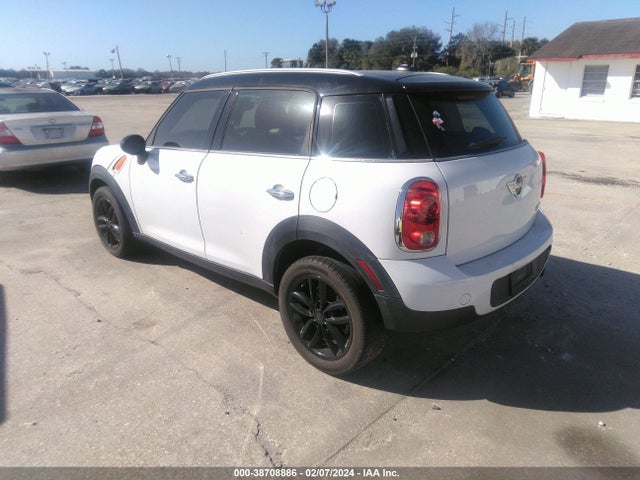 2012 MINI COOPER COUNTRYMAN WMWZB3C56CWM03019 Photo 2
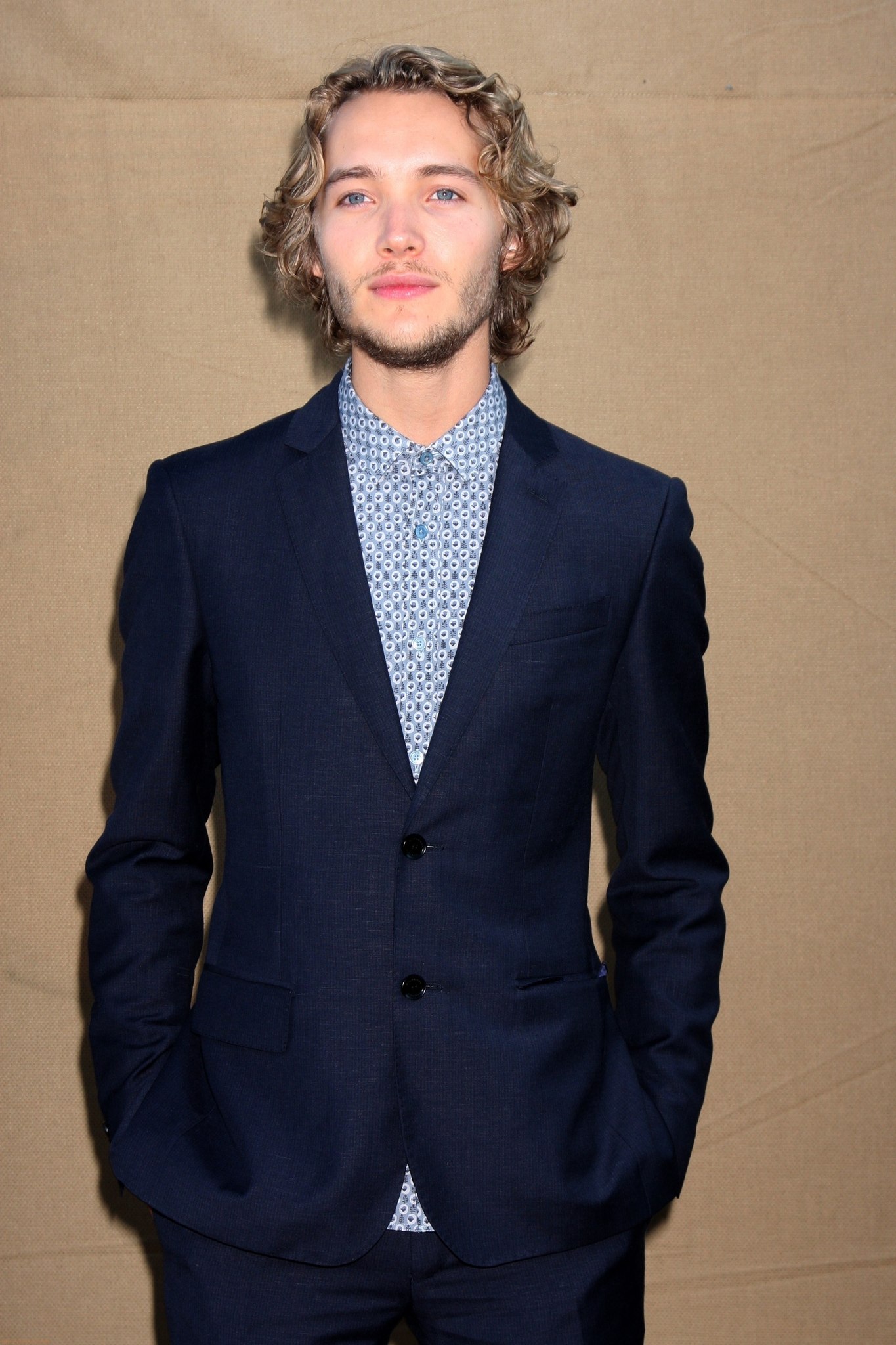 Toby Regbo photo #601013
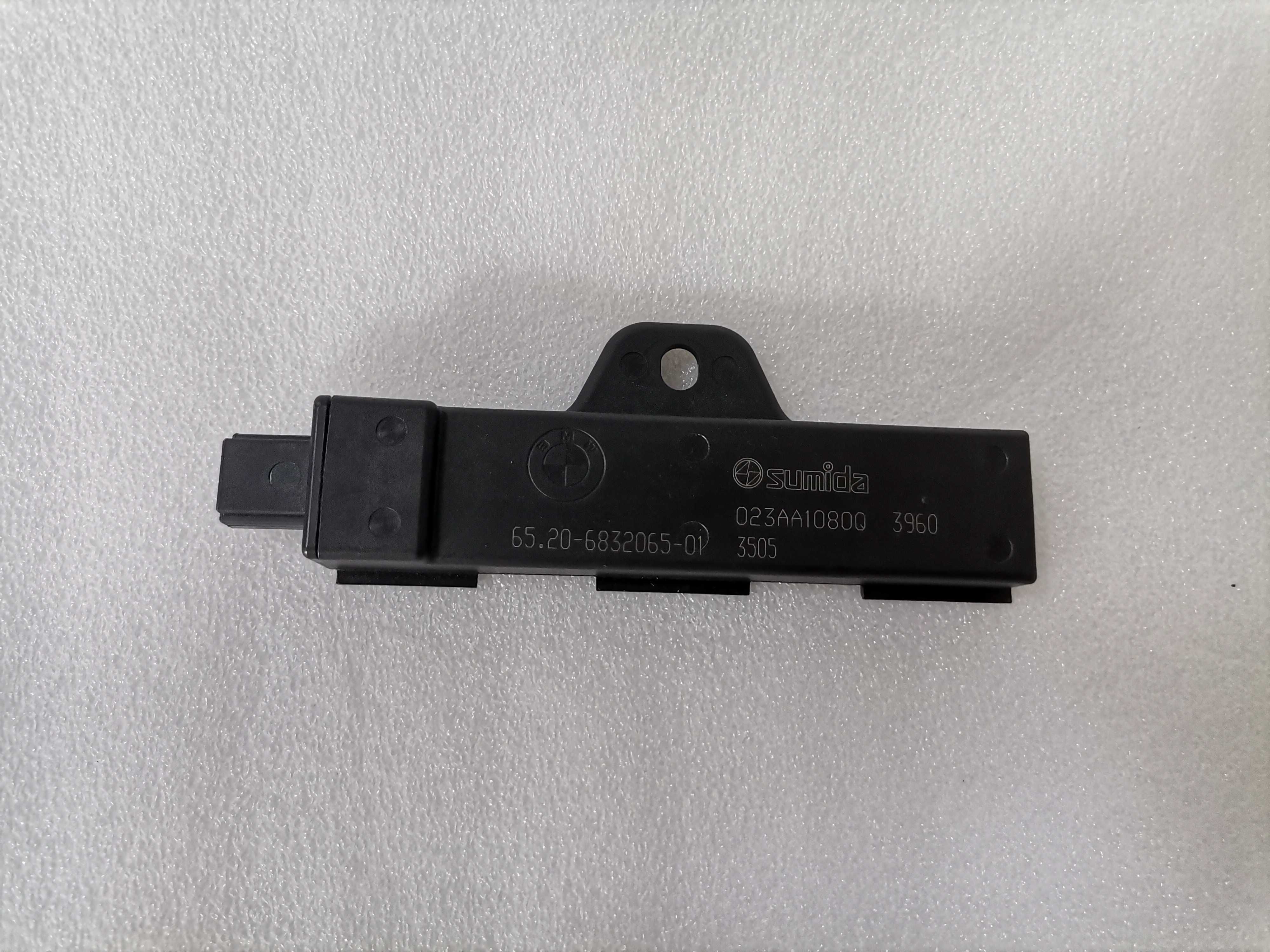 6832065 BMW Антена KeyLess GO BMW G20 G22 G30 G11 G05 G07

> [Requirement]:
The finished answer is an exact repetition of the listing, with every picture removed.

> [Finished exercise]:
 2012 MINI COOPER COUNTRYMAN WMWZB3C56CWM03019 Photo 2
 Toby Regbo photo #601013
 6832065 BMW Антена KeyLess GO BMW G20 G22 G30 G11 G05 G07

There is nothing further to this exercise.